UK Government?research ?found that 39% of businesses and 26% of charities report having cyber security breaches or attacks in the last 12 months. This figure was even higher among medium businesses (65%) and large businesses (64%).
This is largely because digital transformation has also made it easier for criminals to operate online. This is increasingly becoming a problem for businesses for three main reasons.
Increasing user access
As companies grow they naturally expand their workforce. This means that IT departments are having to assign and create many more user profiles for access to their technology platforms. This is especially true of companies that have a significant proportion of their workforce comprised of freelancers and external workers. As the number of user identities increases so does the number of access requests that your cyber security solution has to approve.
This makes controlling access to your sensitive data much more difficult. It means security teams have to manage identities and the privileges assigned to them across a broad range of hardware configurations and large geographical areas. This makes it harder to spot a malicious party trying to gain access to your system, increasing the security risks to your data.
More ‘endpoints’ to technology systems
Similarly, as the number of users increases, so does the total amount of computer systems trying to access your technology platforms. If any of your employees work from home or are contracted on a remote working basis, this may well include hardware that is not owned by your business or distributed by your IT department.

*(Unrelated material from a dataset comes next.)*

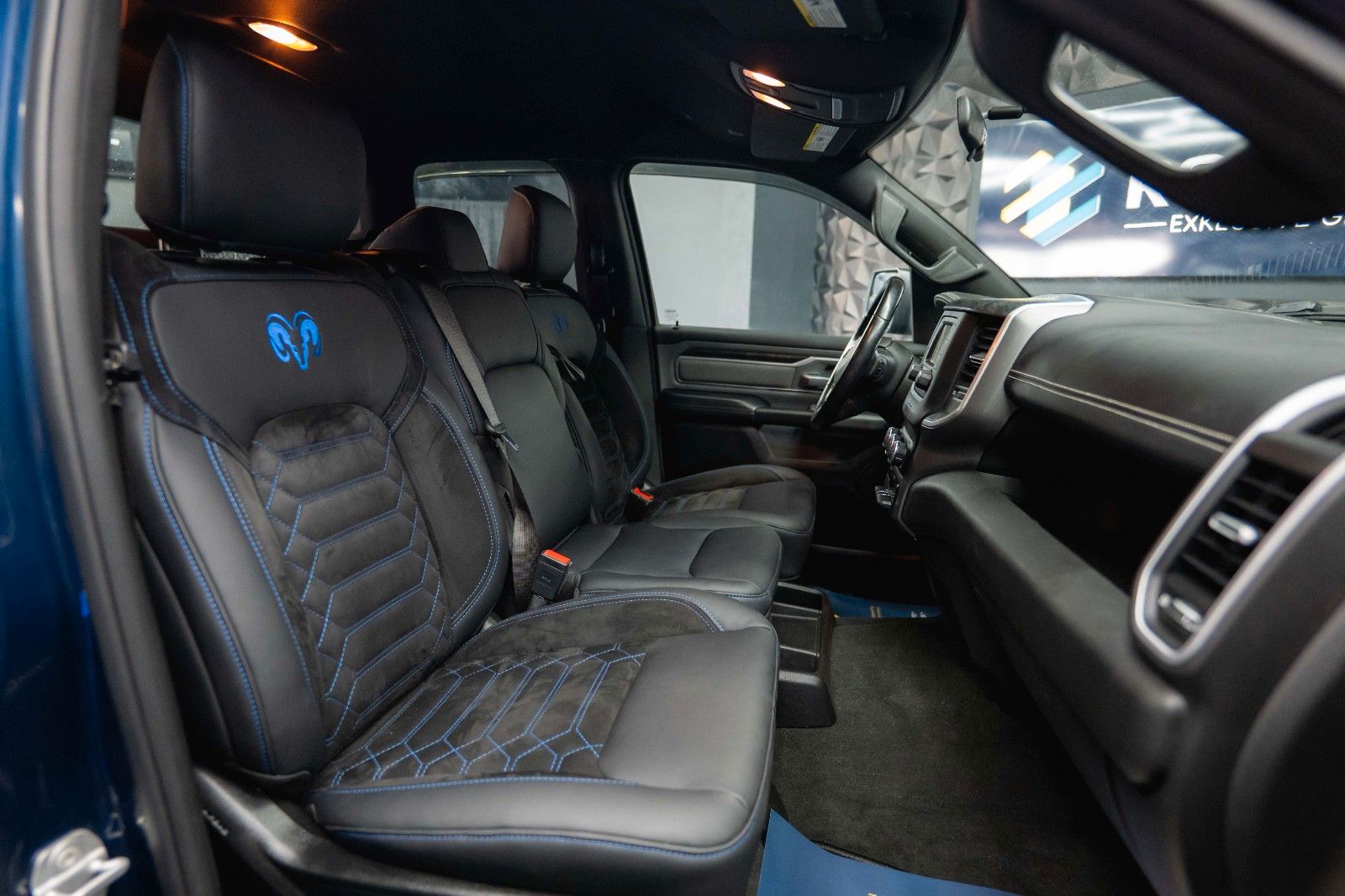 Fahrzeugabbildung Dodge RAM 5.7 V8 HEMI 4x4 OFFROAD NightEdition LONGBED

Some workers may use their personal devices, such as their mobile phones or tablet, to sign into their work accounts to remain connected to their work while on the move. These devices will not have any corporate management or security software installed on them, making them harder to track and keep tabs on.
All of this results in more ‘endpoints’ in your system existing, providing more opportunities for cybercriminals to act as approved users to try and gain access to your data.
Cybercrime is becoming a national sport
?As cybercrime has become a lucrative industry, the criminals trying to gain access to your data are becoming more sophisticated. With sensitive data worth up to millions of dollars and criminals able to remain largely anonymous during their heists, it is now becoming a national and international sport of criminal gangs.
Businesses’ resilience to cyber-attacks is also falling. A?study ?by Accenture found that their respondents experienced a 32% increase in 2021 in the number of successful cyber attacks compared to 2020.
As a result, having a robust IAM solution should be an essential part of any business’s cyber security strategy. This is because protecting the access points to your data is the most important cyber security step that you need to make. They are a fundamental weakness in the security of your organisation and they are most readily exposed when identifying user access to your data repositories.
How does an IAM solution work?
Protecting the access points to your data involves two different decisions for IT departments. Firstly, who do you trust with access to your data and systems? Secondly, how can you identify if it is really them?
What steps does protecting the access points of your data involve?
Luckily, an identity and access management solution has several tricks to correctly, identify the users that you trust access to your data with. To manage access to your data, an IAM solution adopts a zero-trust approach. This means that any user trying to access your data has to prove that it is really them. This can be achieved by utilising multi-factor authentication such as automatically generated, login, codes or messages through different applications and hardware that is known to be owned by a particular user.
While this is not a complete guarantee that all user identities will be correctly managed, it does provide a significant level of protection above that of a simple login portal. Many sophisticated, IAM solutions support a large number of different applications and processes for two-factor authentication or more to ensure that they can be easily adapted to the current requirements of your business.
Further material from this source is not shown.